主題聖句: 「心の貧しい人々は、幸いである、天の国はその人たちものである。」 

マタイによる福音書 第5章3節 

 

山上の説教で語られた主イエス様のお言葉の魅力は〝逆説〟にあります。日本語の一般的な意味での〝心の貧しい人々〟はふつう、「不幸」と考えるでしょう。中味がみすぼらしく、ひどくやせ細っている人より〝心の豊かな人〟が幸いだと言うのなら、筋が通ります。

 

ところがその常識に反して“心の貧しい人々は幸いである”と主イエス様は言われるのです。一見辻褄があわず、矛盾しているように思われます。けれど、何か深い信仰の内容が含まれているのではないかと予感させるのです。「貧しさは」経済的な困窮だけを意味してはいないようです。

 

ルカの方は「貧しい」と書いてあります。マタイは「心において貧しい」と言葉を加えました。そのために意味が広がります。「心の貧しさ」を謙遜と取る人もあります。しかし徳目の一つの〝謙遜〟だけでしょうか。この世界において圧迫され、失望し、部屋の片隅に縮こまっている人を思い浮かべました。すべての可能性が閉ざされ、神様だけに頼る道が残されている人です。境遇の面から言えば最悪です。

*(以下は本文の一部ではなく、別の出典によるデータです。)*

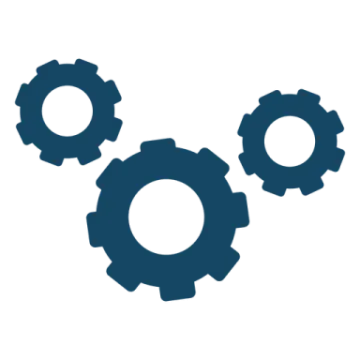 three gears on a white background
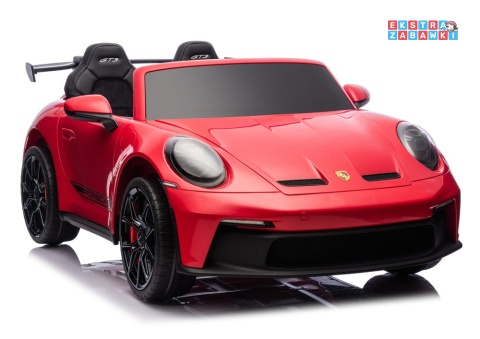 Porsche GT3 DK-P911 dwuosobowy na akumulator - czerwony, 2x150W 24V/10Ah, do 7 km/h, EVA, LED, ekoskóra, panel muzyczny [26792]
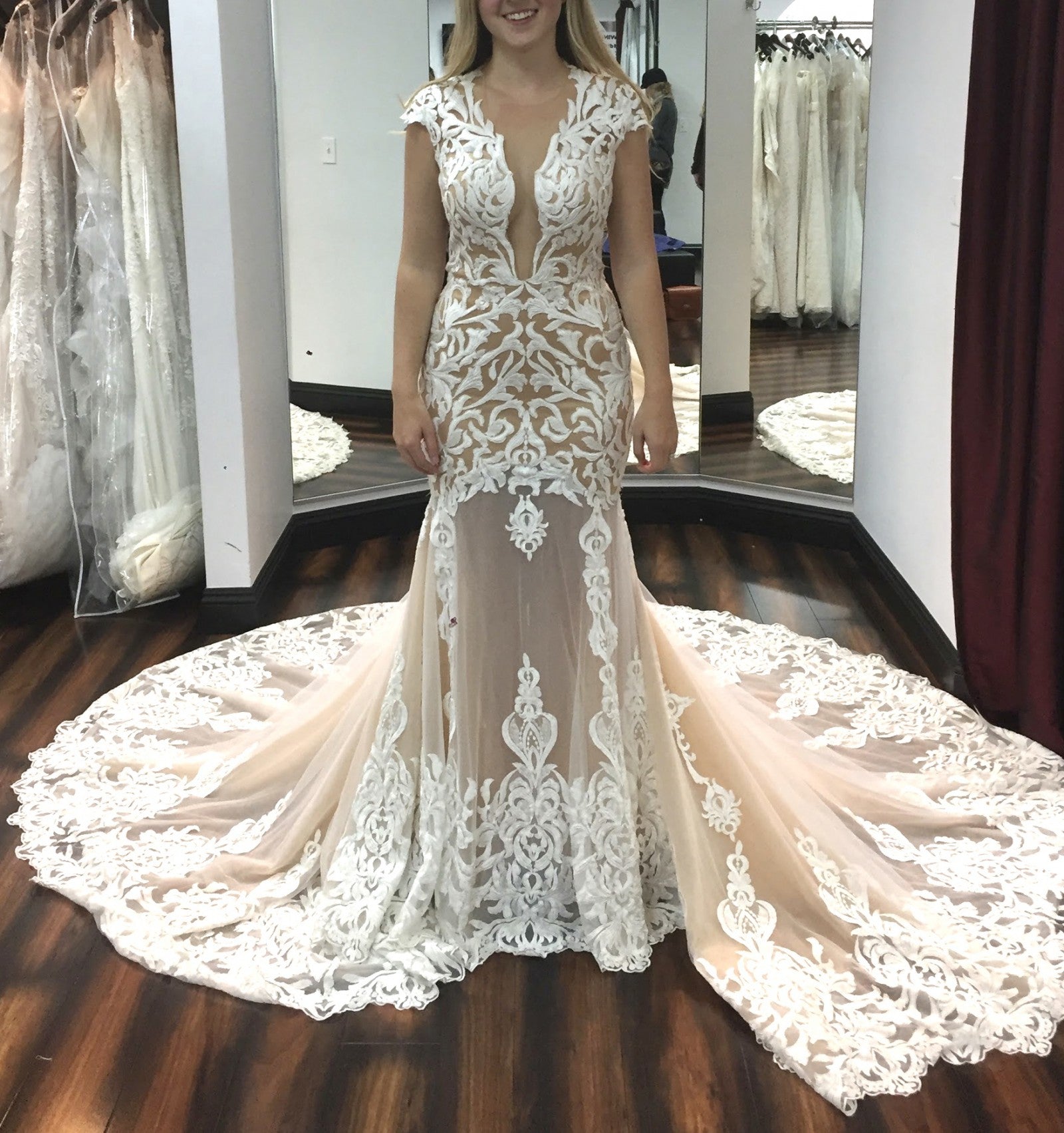 Calla Blanche Lydia 16130 Sample Wedding Gown - Elegant Lace Bridal Dress for Brides, Formal Occasions & Special Events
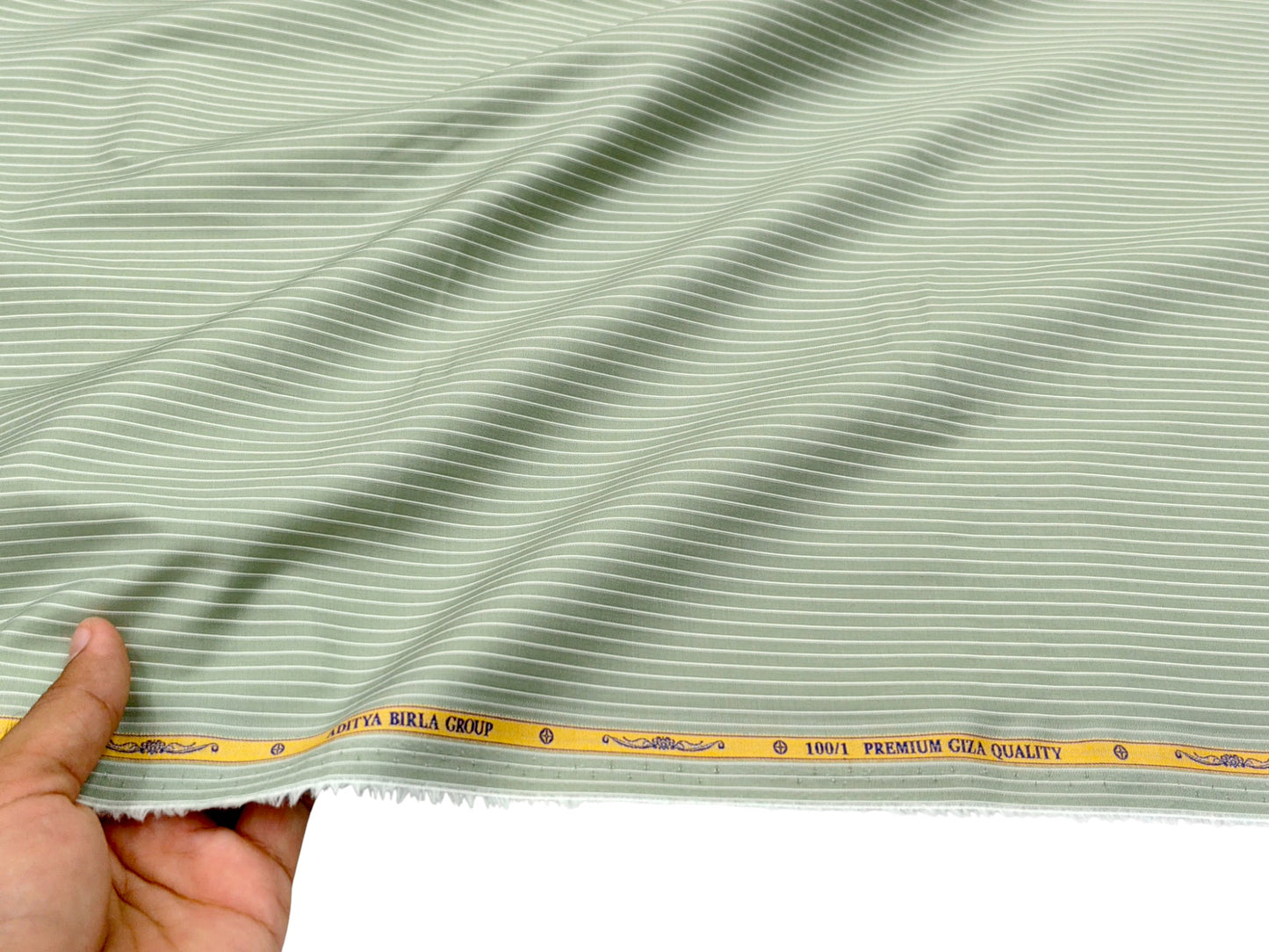 Giza House by Soktas 100/1 Premium Giza Cotton Shirting Fabric (Olive Green, Stripes)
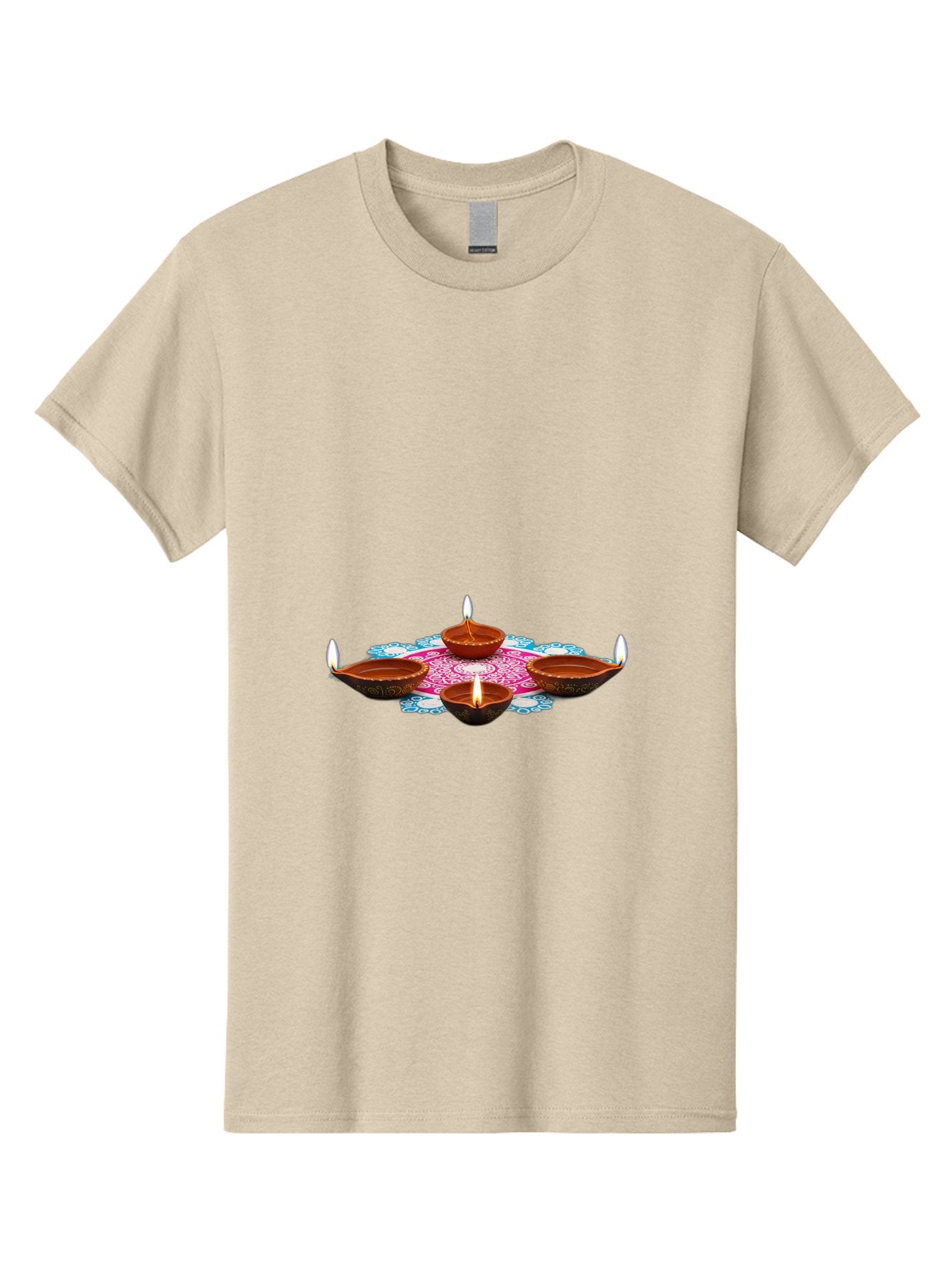 Diya-Set Men'S Graphic Tee, 100% Cotton, Comfortable Casual Summer Wear, Machine Washable, Traditional Indian Diyas, Lit Candles, Intricate Mandala Design, Cultural Heritage, Vibrant Colors, Festive Atmosphere, Spiritual Ambiance, Bad028 5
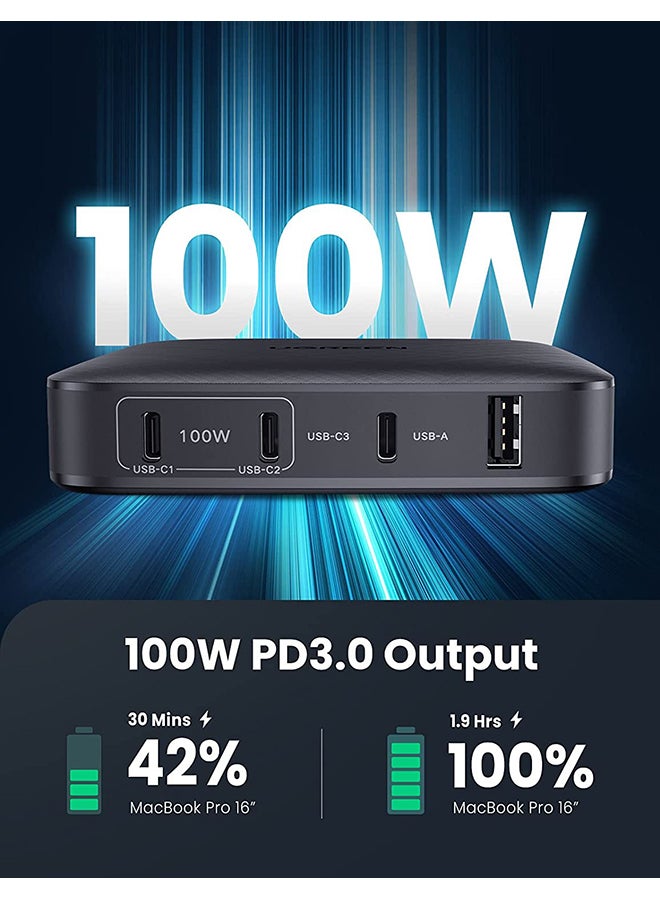 Ugreen - PD 100W USB C Wall Charger 4-Port Fast Power Adapter Compatible for Macbook Pro Air New iPad 9 iPad Mini 6 iPhone 14/14 Plus/14 Pro/14 Pro Max/iPhone 13 Pro iPad Pro 2021 Galaxy S21 etc Black - Image 1
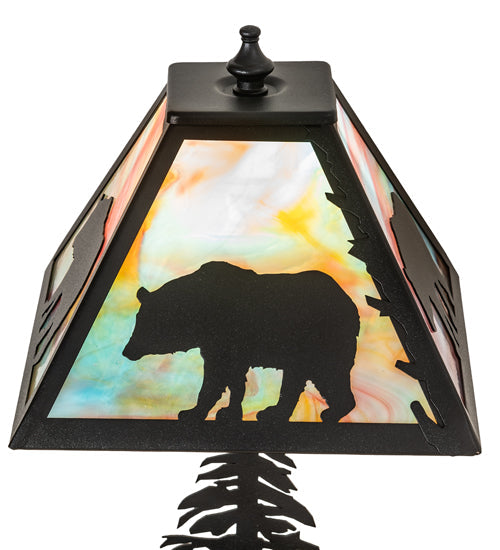 Meyda Lighting Lone Bear 15" Textured Black Accent Table Lamp With Jade Purple Shade Glass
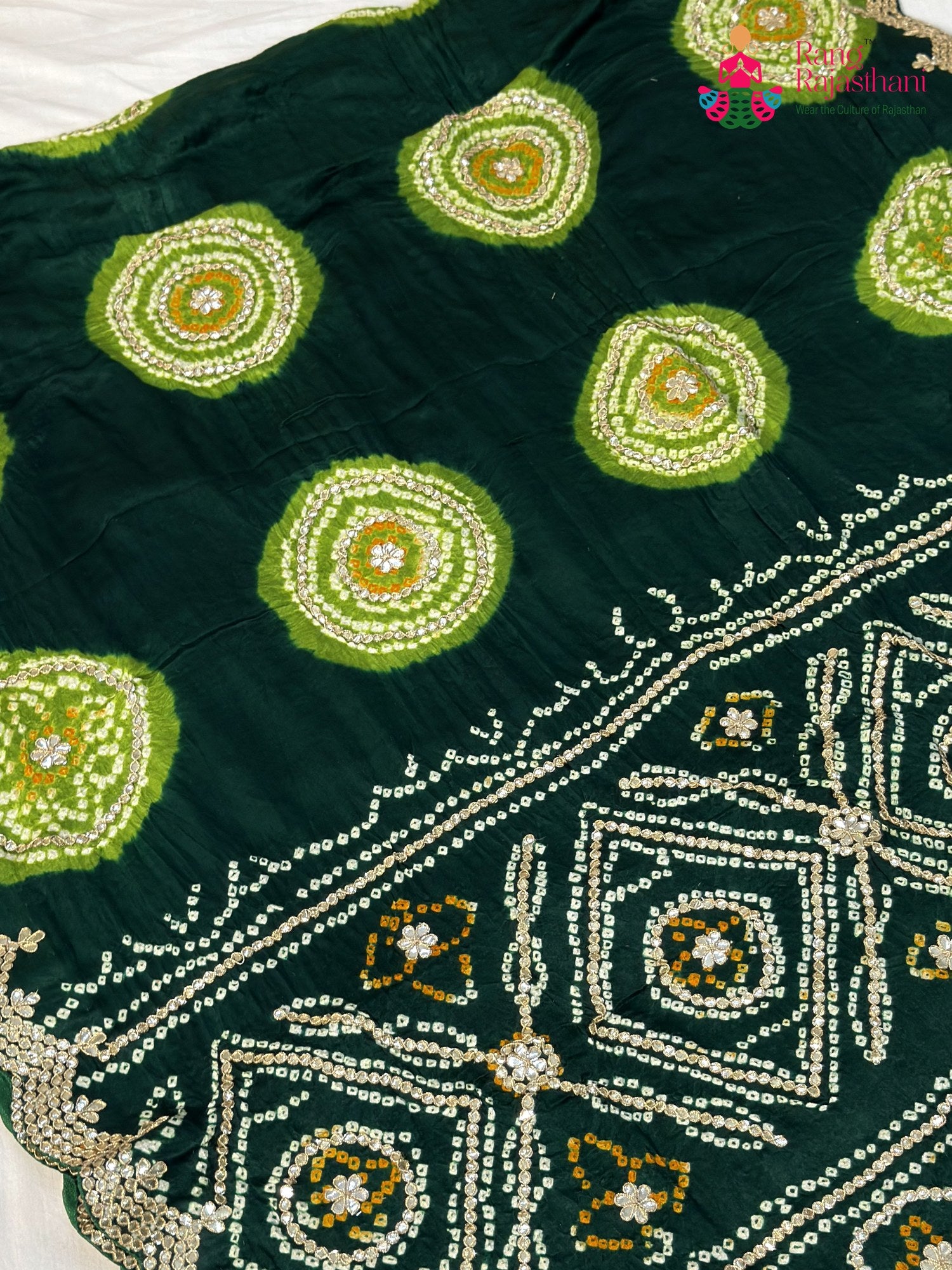 Green Gajji Silk Gota Patti Gharchola Saree for Mehendi Ceremony | Festive Wear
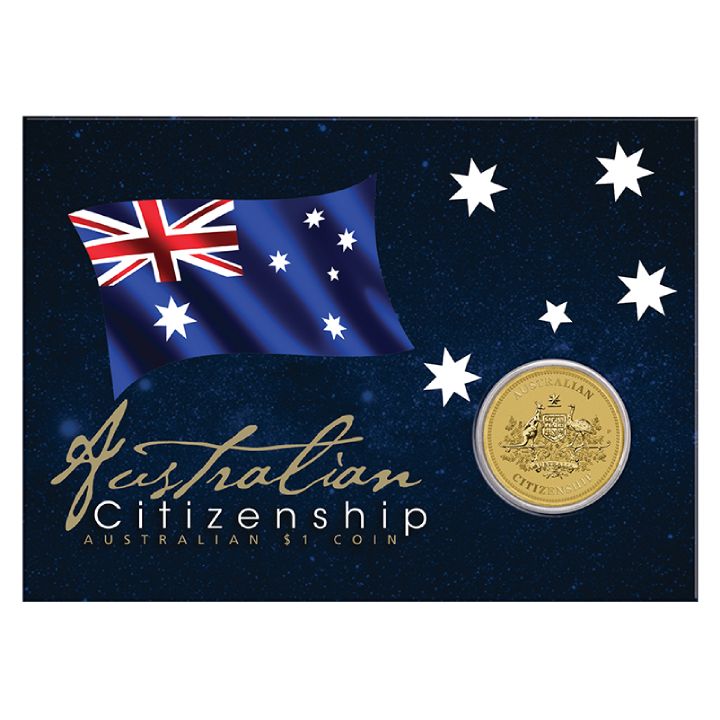 Australian Citizenship $1 Aluminium Bronze 2023 (coin in the card)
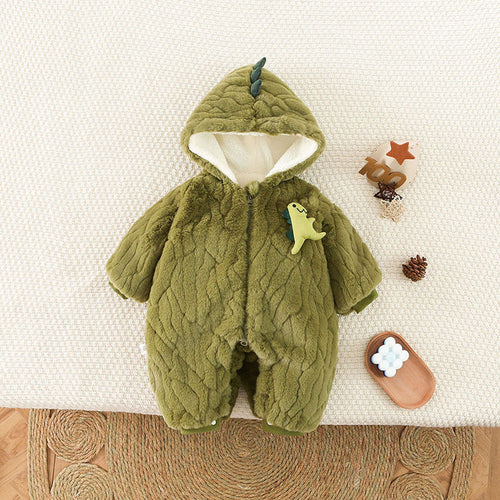 Baby Rabbit Fleece Hooded Jumpsuit – Cute Cozy One-Piece Romper for Newborns & Toddlers, 0–3 Years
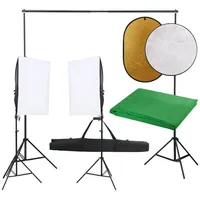 VidaXL Fotostudio-Set mit Beleuchtung, Hintergrund und Reflektor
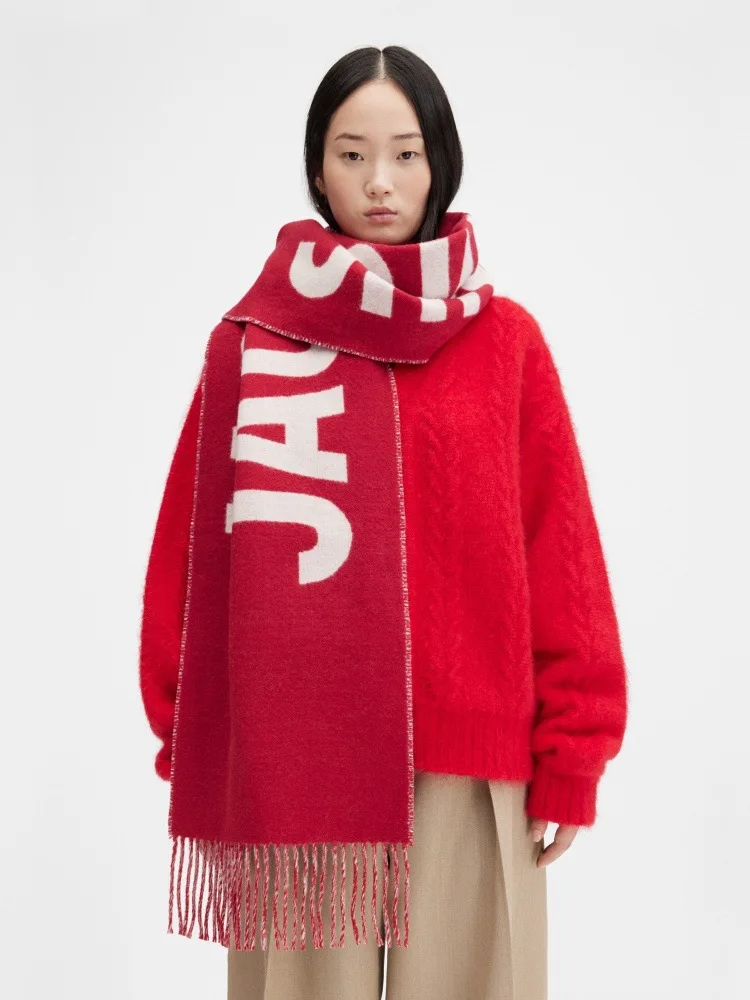 Luxury Brand 100% Wool Warm Scarf For Women Design Winter Men Shawl Wrap Pashmina 2025 Letter Female Bufanda Echarpe Foulard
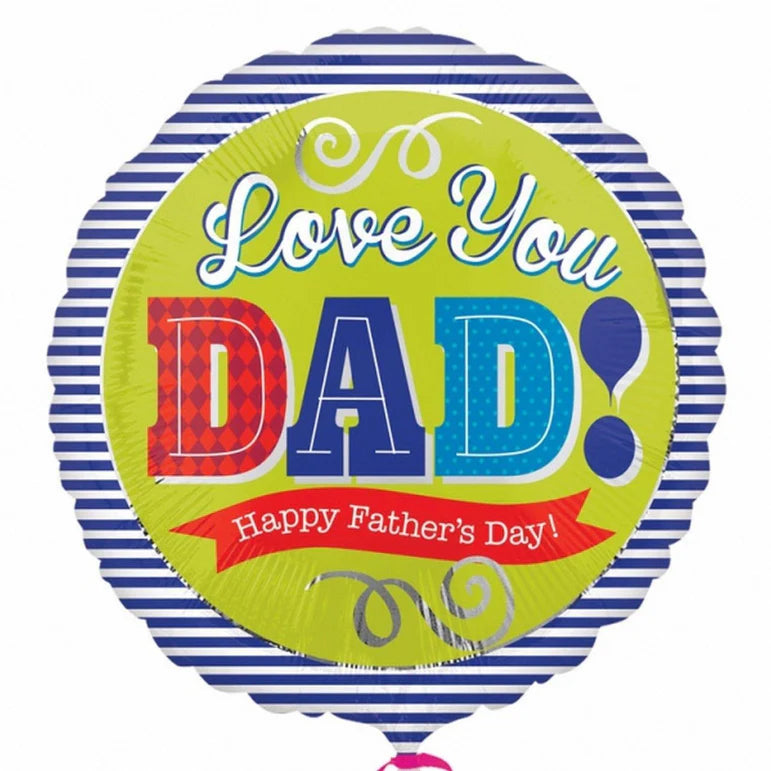Dad Blue Stripes Foil Balloon 18in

しかし、信仰の面から言えば、「神様にだけ期待する絶好のチャンスではないか」と主イエス様は言われました。まだ余裕があって、神様にたよらなくても、何とかやっていける間は、本気になって神様を求めません。切羽詰まることも恵みなのです。

 

「天の国はその人たちのものである」…「天の国」とは“神様がその人を捉えている”の意味です。絶望している人を神様はお見捨てになりません。両手で挟み付けるように祝福(幸い)の中においてくださるのです。